Tiwanna “Ko-Ko” Hagans, owner of KoKoMo’s Coffeehouse on Fourth Street in uptown Charlotte, died Monday night.

An official in the Mecklenburg County medical examiner’s officer said a cause of death is expected Wednesday.

Hagans grew up in suburban Maryland and was a 1994 graduate of Johnson C. Smith University, where she had planed to open the school’s first on-campus coffee shop later this year.

On Aug. 3, Hagans was featured in a Monday Business column on Qcitymetro.com. She spoke openly about the seizures and brain condition that threatened her life. She said doctors had warned her that too much stress could exacerbate the condition.

Friends on Tuesday expressed disbelief.

Damian Johnson, co-owner of No Grease Barbershop and a fellow graduate of JCSU, said he had known Hagans since 1991 and that she was like a big sister to him.

“If you couldn’t appreciate Koko, then you couldn’t appreciate life,” he said. “She was a creative, peaceful and loving person. She was a go-getter and I admired her for being a black woman who left no room for excuses, especially in business. She was a fighter and full of life.”

Benny Smith, JCSU’s public relations director, sent out an email today notifying university staff and officials of Hagans’ death. He said details would be made public later about the future of her franchise on campus.

“Our prayers go out to her family and friends,” the note ended.

Ironically, Hagans said JCSU was not her first choice.

“My mama told me I was going, and that was that,” she told Qcitymetro.

Over time, however, she grew to become one of the schools biggest boosters. She credited JCSU with giving her the foundation she needed to succeed in business.

Hagans worked several jobs before choosing the coffee business. She was a computer programmer at the National Science Foundation, a Prince George’s County (Maryland) police officer and a real estate investor.

While working as a police officer, Hagans said, she began buying rental properties in the Washington, D.C., area. She also made frequent trips to Charlotte, meeting old friends in her favorite coffee shops around town.

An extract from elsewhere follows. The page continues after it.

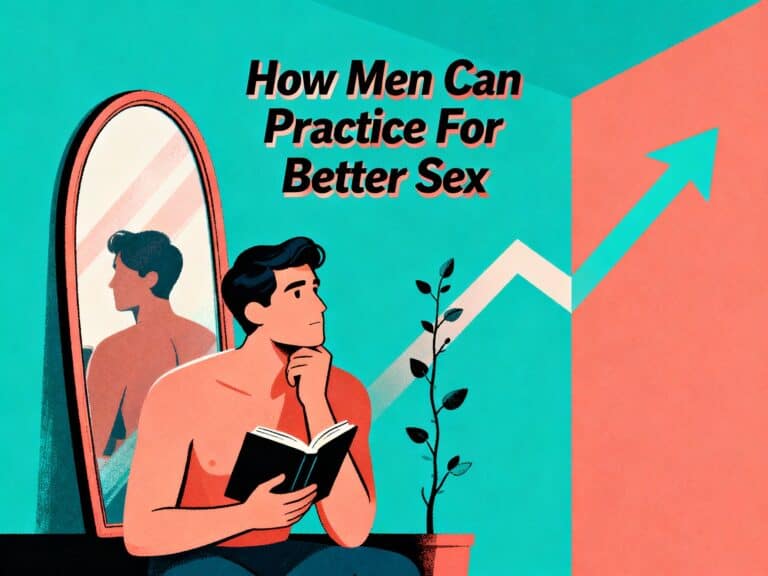 Reflective man reading a book while contemplating self-improvement in front of a mirror with a motivational background about practicing for better sex.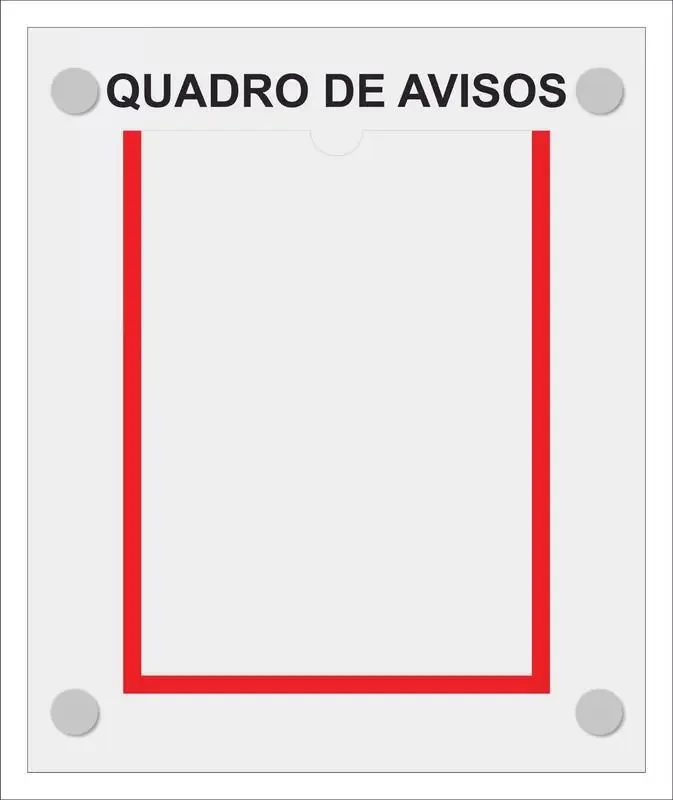 Quadro De Aviso Gestão Com 1 Displays A4 Acrílico Vermelho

It was during this period, she said, that she decided to open a shop of her own, in part at the urging of friends.

That first store, in 2005, opened in Huntersville, and Hagans returned to her police job, leaving her mother and employees to run the business. A second store, on Fourth Street, would soon follow.

Under the stress of her police job, managing her real estate holdings and keeping track of her coffee shops, Hagans said, she began developing seizures. Something had to give, doctors advised her.

Hagans retired from the police department on disability and moved back to Charlotte. She underwent brain surgery earlier this year and closed the Huntersville store.

Hagans said she loved the coffee business. She said she wanted her shops to be a place where people felt free to relax.

A good coffee shop, she said, is like a “sanctuary. It’s not like a gas station where you pick up and go.”